Werben um Toleranz

Ein Buch als »barrierefrei« zu bezeichnen, mag befremdlich anmuten, doch im Fall des soeben im Booy-Verlag erschienenen Romans ist dieser Ausdruck programmatisch. »Sehnsucht nach der verlorenen Liebe« plädiert für Toleranz, erzählt wertungsfrei von Beziehungen jenseits der Norm, von verlorener Heimat.

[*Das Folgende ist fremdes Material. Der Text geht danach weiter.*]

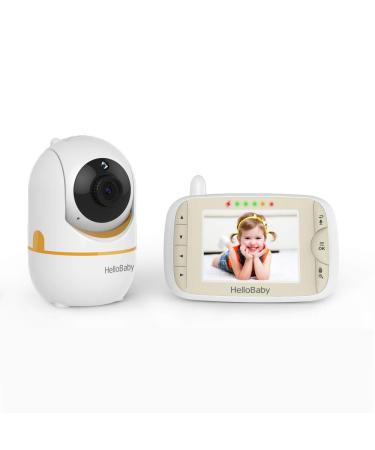 Baby Monitor with Camera and Audio, Hello Baby Monitor with 3.2" LCD Screen, Remote Pan-Tilt-Zoom Camera, Night Vision, VOX, 2-Way Audio, HB65 Gold Color, Hellobaby Beige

Tragen wir nicht alle diese Sehnsucht in uns nach den unbeschwerten Tagen unserer Kindheit, nach den Freundschaften, die damals so innig, so bezaubernd waren? Im Fall von Andreas/Anna und Wolf hat diese Sehnsucht viele Facetten. Zum einen trauern die beiden Protagonisten in »Sehnsucht nach der verlorenen Liebe« von Werner Vermeulen um ihre große Liebe, die schon in frühen Kinderjahren begann. Zum anderen mussten sie 1945 aus dem Sudetenland fliehen, wurden dabei jäh von ihren Familien, voneinander getrennt und erlebten Lageraufenthalt und grausame Kriegsqualen. Beide nehmen eine künstlerische Richtung - Wolf als Maler, Andreas/Anna als Sängerin; ihrer beider Lebenswege kreuzen sich erst nach vielen Jahren wieder.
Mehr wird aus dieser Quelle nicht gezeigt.